Moves to halt stadium hearing denied

July 11, 1994|By Katherine Richards and John Rivera | Katherine Richards and John Rivera,Sun Staff Writers

Opponents of an NFL stadium in Laurel lost two legal challenges today in efforts to derail the zoning hearing.

Anne Arundel County Adminis trative Hearing Officer Robert C. Wilcox rejected claims that the Redskins were not registered to do business in Maryland when the zoning application was filed in April.

He also turned aside a challenge to the application itself.

Thomas Dernoga, a lawyer for Citizens Against the Stadium II, asked Mr. Wilcox to throw out Redskins owner Jack Kent Cooke's zoning applications because his organization, Jack Kent Cooke Inc., was not registered with the state, according to tax records.

"We believe that to continue these hearings would be a violation of public policy," Mr. Dernoga said.

However, Redskins lawyer Harry Blumenthal replied that last Friday Mr. Cooke transferred rights to pursue the application to Maryland City Acquisitions Corp., which is registered to do business in Maryland.

Mr. Wilcox told Mr. Dernoga his argument was weak. "At best it's held together by bubble gum and paper clips," he said.

Mr. Dernoga then challenged the signature of County Executive Robert R. Neall on the Redskins' application. Mr. Neall signed the application because the county owns Brock Bridge Road, which abuts the stadium site. Landowners' signatures are required on the application.

Mr. Dernoga argued that a public hearing on the status of Brock Bridge Road must precede the zoning hearing.

Mr. Wilcox said such a hearing could be held after the zoning issue is decided.

The Redskins' lawyer scoffed at the opponent's legal maneuvers. "It's much ado about nothing. This is just lawyering by people who are looking to delay the case," said Mr. Blumenthal.

Mr. Dernoga said the denial of his motion was in a sense good news for stadium opponents because it gives them grounds to appeal the case.
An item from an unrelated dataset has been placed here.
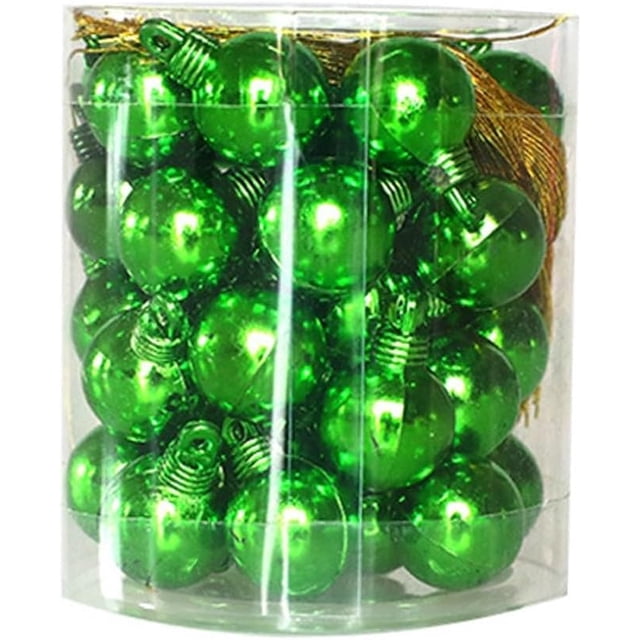 48 bolas de adorno para árbol de Navidad, adornos irrompibles para árbol con lazo para colgar, pequeños adornos navideños (verde)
About 200 supporters and opponents of Mr. Cooke's proposed 78,600-seat stadium gathered in the auditorium at Meade Senior High School for the beginning of the zoning hearing that is expected to take at least a week.

Opponents wore T-shirts that read "Stop the Stadium in Laurel," while supporters sported buttons reading "Touchdown in Laurel."

Anne Arundel County planning officials say they generally approve of the proposed $160 million stadium. The county is withholding full approval because of concern over assumptions in the Redskins' traffic study and insufficient information on the impact lighting and noise will have on the neighborhood, county sources said.

Planners will ask Mr. Wilcox to look closely at the Redskins' traffic study, which says car pools and mass transit -- including 200 luxury charter buses and MARC trains -- will allow the team to achieve an occupancy rate of 3.5 fans per automobile.

The team needs to reach that goal because only 20,077 parking spaces will be provided.

Anne Arundel officials said they have no basis for evaluating the study's claims because no other NFL stadium has similar conditions that will be faced in Laurel.

Planners said they have asked the Redskins for studies of how lighting and noise from the stadium will affect the neighborhood, but have not received the reports.

Planners said without that information, they could not give an unqualified endorsement.

Walter Lynch, the team's project manager, was pleased to learn about the partial endorsement.

"That's big news," he said. "Obviously, you always hope for the best, but you just don't know, and I couldn't get any indication out of Bobby Neall.

"What a surprise," was the sarcastic reaction of Jeanne Mignon, president of Citizens Against the Stadium II, who expected the county's recommendation.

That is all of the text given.